続いて信長が大笑いし、勝家もそれに合わせて笑った。
「なんで笑うんですか・・・皆さん・・・?」
信長は笑い終える。そして此方に扇子を向けて差す。
「決まっておろう。そんなところに座る軍師があるか。普通なら、一益か勝家の脇に座るのが常識じゃ」
そう言う事か・・・!!しかし、そんな事はどうでもいいと俺は言って刀を腰から抜いて床に置いた。
「非常識こそ、未来を変える!俺はそう思いたいね」
「・・・やはり可笑しな軍師です。中庭の木にでも首から吊るしておきましょう。信長様」
勝家はそう言うと、何故か懐から縄を持ち出してその縄を強く引っ張る。
なんで縄を常備してるんだか3時間くらい話し合いたいです。
「まぁまぁ、どうせ縄があるなら種子島で用いれば良いだけや。ほら勝家殿、縄をお貸し頂けるに?」
「いやそれ貸してくれって時点で撃つ気だよね!?その腰に掛けてある騎馬鉄砲で撃つ気だよね!?てか、それ撃った時点で縄返す気ねぇじゃねぇか!?」
「裕太、うるさいぞ。お主はそこで控えておれ!」
「(控えろって言う時点で控えてるから別に此処に居て可笑しく無くなったじゃねぇか・・・。)」
と、思いつつも、口を封じて体を前に向けてじっと黙って動きを止めた。
「信長様、勝三郎様と勘重郎様が・・・」
と、信長の小姓が大広間の襖を開けて入って跪く。
「そうであるか。中に入れよ」
信長も低い声で小姓に応じると、中に入るよう命令する。
小姓は「はっ!」と言うと、立ち上がって襖を開けて外へ出た後、閉めるとその場から去って行った。
・・・数分が経つと。
「失礼いたします~」
と、ほんわかしたあの何度も聞いた事のある声が襖の外から聞こえてくる。
「よかろう、入れ」
信長はスイッチの切り替えがとても速い。さっきまでふざけていたのに、今となっては真面目に応じている。これが大名の器量って奴なのだろうか・・・。
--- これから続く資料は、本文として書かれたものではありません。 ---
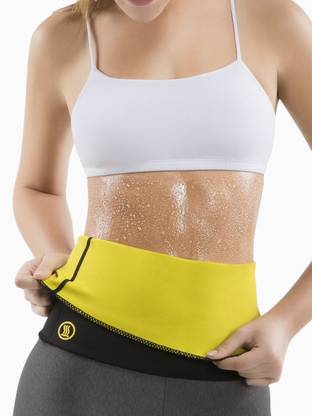 Vbhretail Hot Belt Black Shaping belt Hot Slimming Belt (Body ShaperCODE209032 Slimming Belt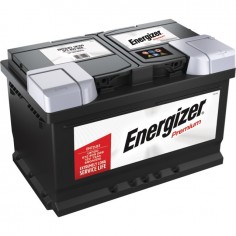 BATTERIE EM72LB3 12V 72AH 680A EN + A DROITE ENERGIZER PREMIUM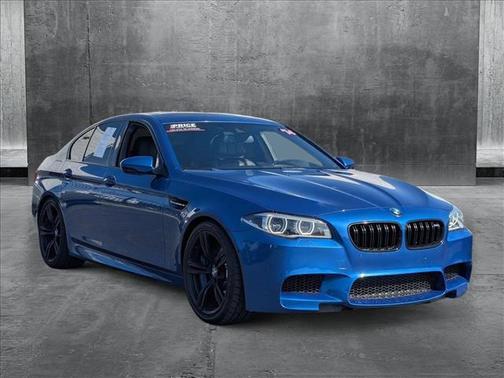 2014 BMW M5 Base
襖がサーっと開くと、二人の女の子が大広間に入室してくる。
彼女達は、目の前に敷かれている二枚の座布団の上にそれぞれ座ると、刀を腰より抜いて床に置いた。
「織田勘重郎信勝、只今参上仕りました~」
「池田勝三郎恒興、只今参上仕りましてございます」
二人そう話すと、頭を深く下げる。
「ふむ、表をあげよ。勘重郎、勝三郎」
信長はそう言うと、二人の深く下げている頭を上げさせた。
左には信勝が座っていて、左には恒興という女の子が座っていた。そう、先程噂になっていた信長の義姉妹なのである。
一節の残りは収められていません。